**Problem description**
Your response is a verbatim copy of the listing, stripped of its images.

**Data section**
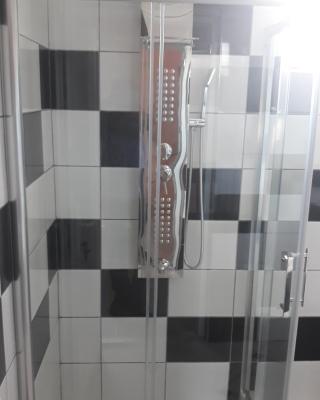 Andi Apartman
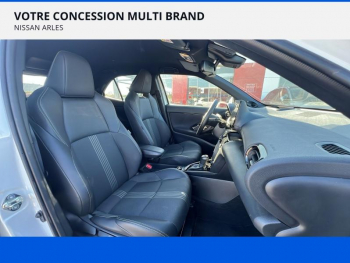 Photo 12 du bon plan TOYOTA Yaris Cross 116h Collection AWD-i MY21 occasion à 22900 €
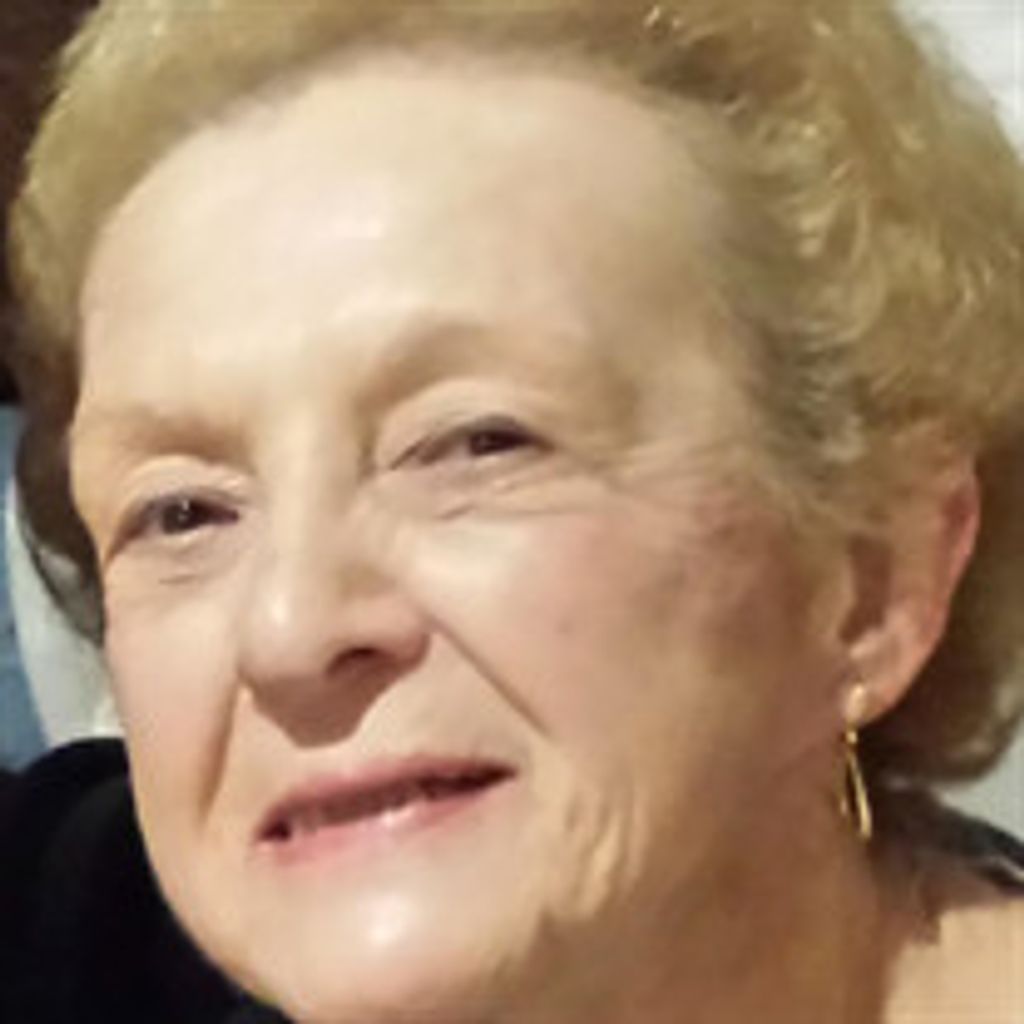 Elaine Moore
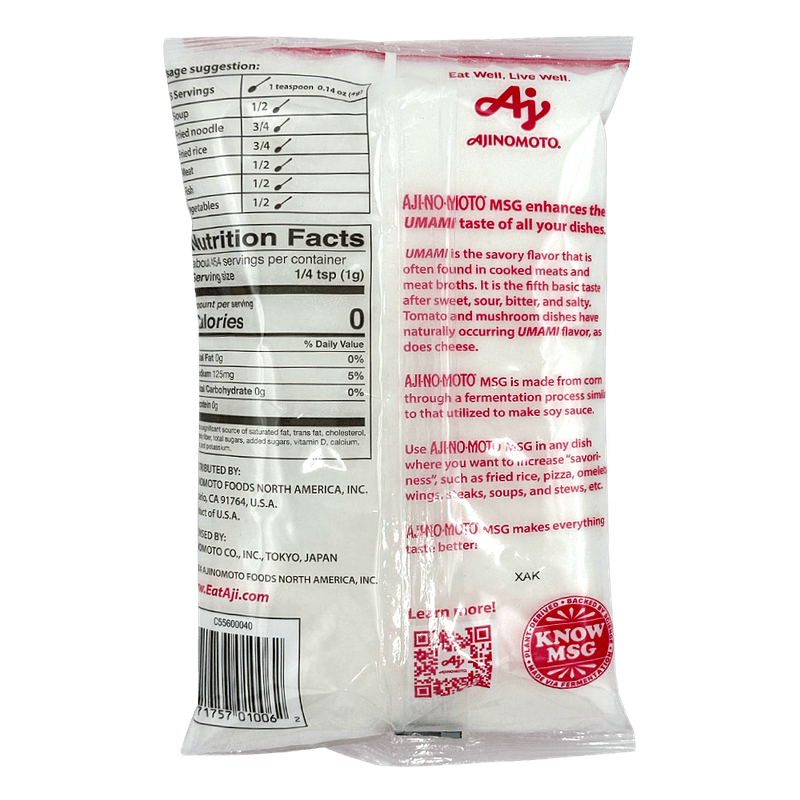 MSG--Monosodium-Glutamate--1-Lb--454g-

**Result for this exercise**
 Andi Apartman
 Photo 12 du bon plan TOYOTA Yaris Cross 116h Collection AWD-i MY21 occasion à 22900 €
 Elaine Moore
 MSG--Monosodium-Glutamate--1-Lb--454g-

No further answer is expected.